## [REQUIRED WORK]
Take the whole listing and reproduce it exactly, pictures excepted.

## [PROVIDED DATA]
#####

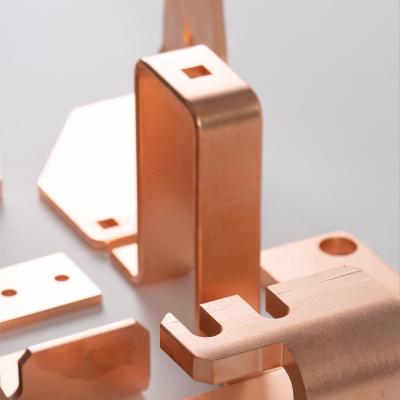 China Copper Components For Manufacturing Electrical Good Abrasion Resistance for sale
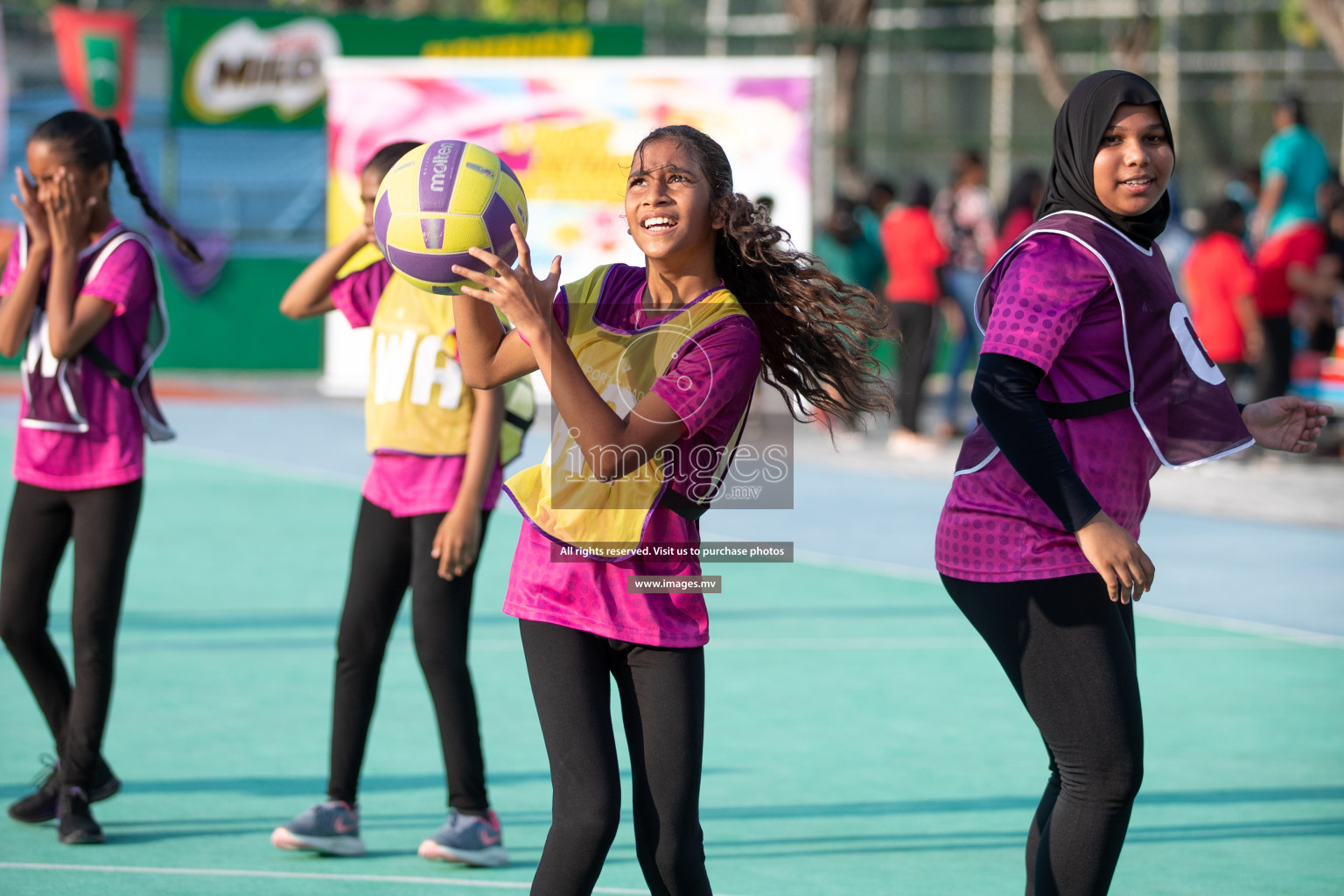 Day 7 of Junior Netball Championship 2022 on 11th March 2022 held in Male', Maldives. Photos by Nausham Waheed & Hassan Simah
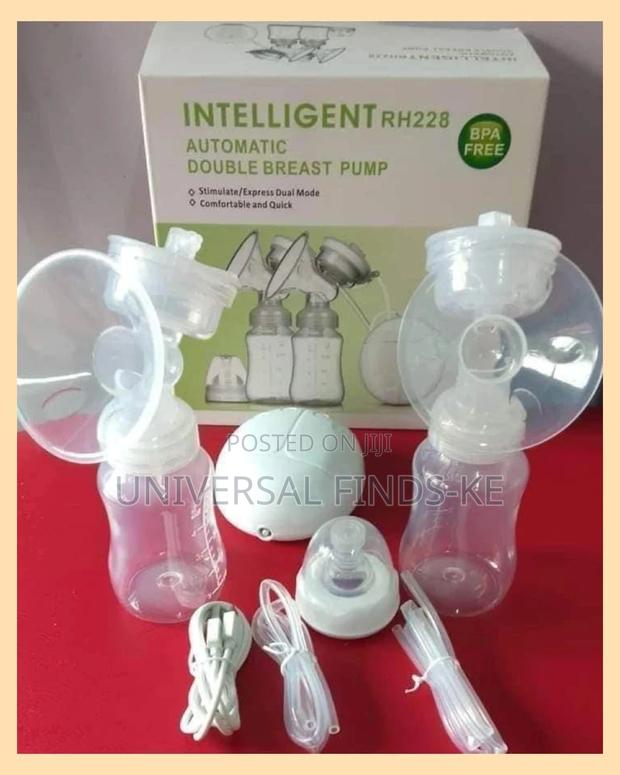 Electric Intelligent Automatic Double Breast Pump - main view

#####

## [SOLVED PROBLEM]
 China Copper Components For Manufacturing Electrical Good Abrasion Resistance for sale
 Day 7 of Junior Netball Championship 2022 on 11th March 2022 held in Male', Maldives. Photos by Nausham Waheed & Hassan Simah
 Electric Intelligent Automatic Double Breast Pump - main view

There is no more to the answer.